## SOURCE DATA
● ● ●

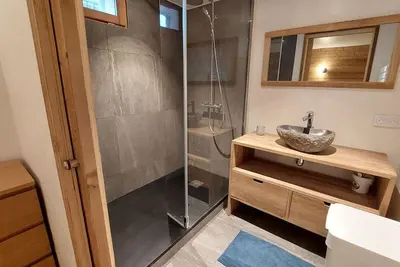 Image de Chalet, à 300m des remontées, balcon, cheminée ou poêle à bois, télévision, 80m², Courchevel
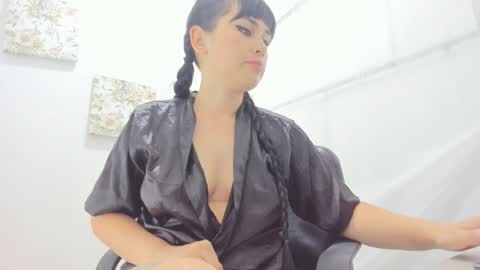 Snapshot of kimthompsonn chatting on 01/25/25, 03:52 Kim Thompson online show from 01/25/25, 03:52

● ● ●

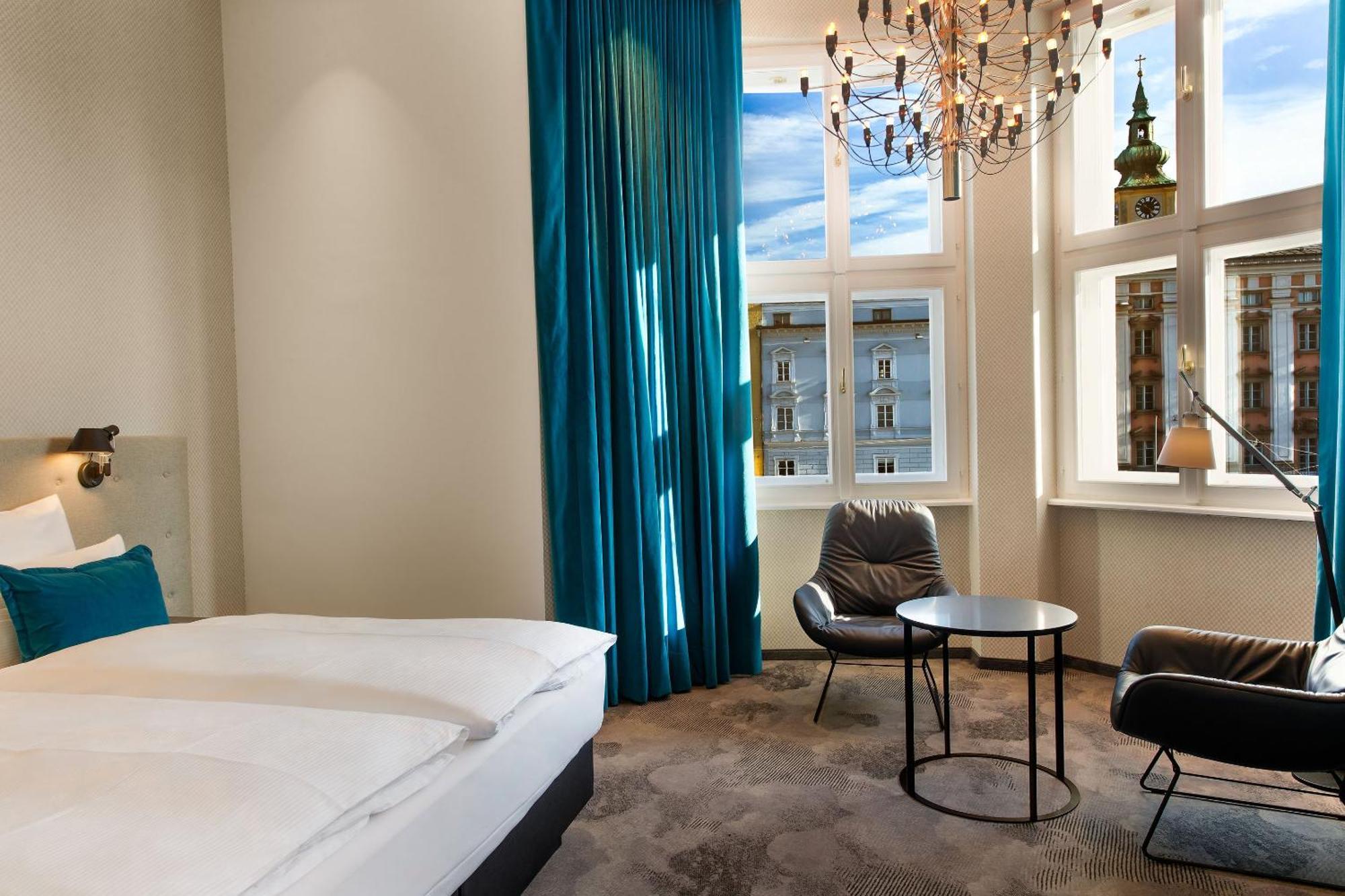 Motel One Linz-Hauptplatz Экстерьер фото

● ● ●

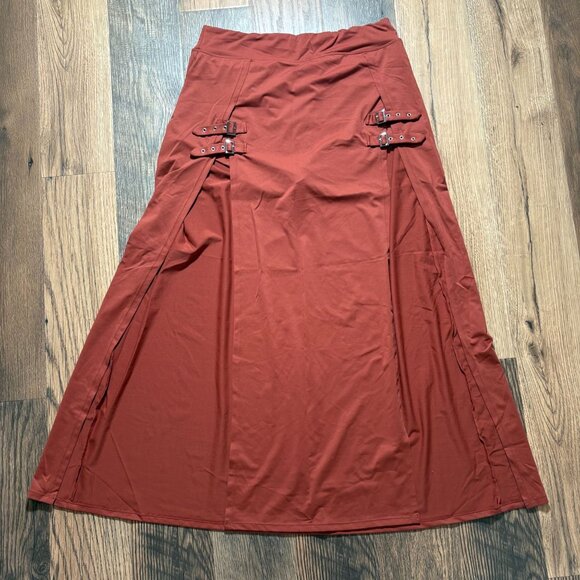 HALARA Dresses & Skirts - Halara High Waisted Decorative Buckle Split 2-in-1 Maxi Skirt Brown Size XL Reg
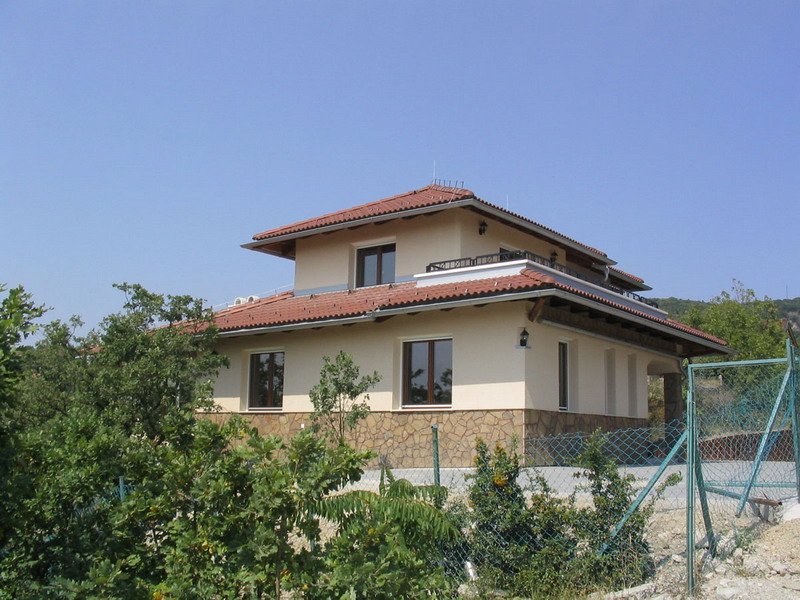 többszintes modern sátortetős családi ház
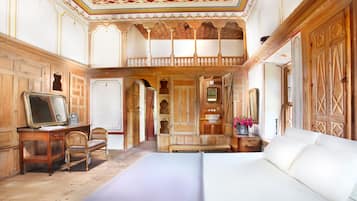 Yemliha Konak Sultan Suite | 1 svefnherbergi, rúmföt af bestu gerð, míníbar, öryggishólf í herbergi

● ● ●

## WHAT THE EXERCISE ASKS
Using the data above, return the lines from the one holding "HALARA Dresses &" through the one holding "Yemliha Konak Sultan" exactly, but not the pictures.

## ANSWER FOR THE TASK
 HALARA Dresses & Skirts - Halara High Waisted Decorative Buckle Split 2-in-1 Maxi Skirt Brown Size XL Reg
 többszintes modern sátortetős családi ház
 Yemliha Konak Sultan Suite | 1 svefnherbergi, rúmföt af bestu gerð, míníbar, öryggishólf í herbergi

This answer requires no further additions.